A bond in a graph is a minimal nonempty edge-cut. A connected graph $G$ is dual Hamiltonian if the vertex set can be partitioned into two subsets $X$ and $Y$ such that the subgraphs induced by $X$ and $Y$ are both trees. There is much interest in studying the longest cycles and largest bonds in graphs. H. Wu conjectured that any longest cycle must meet any largest bond in a simple 3-connected graph. In this paper, the author proves that the above conjecture is true for certain classes of 3-connected graphs: Let $G$ be a simple 3-connected graph with $n$ vertices and $m$ edges. Suppose $c(G)$ is the size of a longest cycle, and $c^*(G)$ is the size of a largest bond. Then each longest cycle meets each largest bond if either $c(G) \geq n - 3$ or $c^*(G) \geq m - n - 1$. Sanford determined in her Ph.D. thesis the cycle spectrum of the well-known generalized Petersen graph $P(n, 2)$ ($n$ is odd) and $P(n, 3)$ ($n$ is even). Flynn proved in her honors thesis that any generalized Petersen graph $P(n, k)$ is dual Hamiltonian. The author studies the bond spectrum (called the co-spectrum) of the generalized Petersen graphs and extends Flynn's result by proving that in any generalized Petersen graph $P(n, k)$, $1 \leq k < \frac{n}{2}$, the co-spectrum of $P(n, k)$ is $\{3, 4, 5, ..., n+2\}$.

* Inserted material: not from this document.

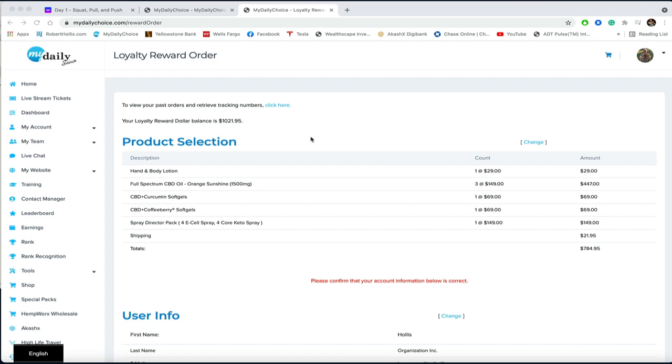I don't know how many months we've done this, but you can see here your loyalty reward dollar balance is $1,021, and what I decided to do is just finally utilize it.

翻译：图中的一个键是最小非空边割。若连通图$G$的顶点集可划分为两个子集$X$和$Y$，使得$X$和$Y$诱导的子图均为树，则称$G$为对偶哈密顿图。研究图中的最长圈和最大键具有重要意义。吴浩提出猜想：在简单3-连通图中，任意最长圈必与任意最大键相交。本文证明该猜想对某些3-连通图类成立：设$G$为具有$n$个顶点和$m$条边的简单3-连通图，$c(G)$为最长圈的长度，$c^*(G)$为最大键的大小。若$c(G) \geq n - 3$或$c^*(G) \geq m - n - 1$，则每个最长圈与每个最大键均相交。Sanford在其博士论文中确定了著名广义彼得森图$P(n, 2)$（$n$为奇数）和$P(n, 3)$（$n$为偶数）的圈谱。Flynn在其荣誉学士论文中证明任意广义彼得森图$P(n, k)$均为对偶哈密顿图。本文研究广义彼得森图的键谱（称为余谱），并推广Flynn的结果：证明对于任意广义彼得森图$P(n, k)$（$1 \leq k < \frac{n}{2}$），其键谱为$\{3, 4, 5, ..., n+2\}$。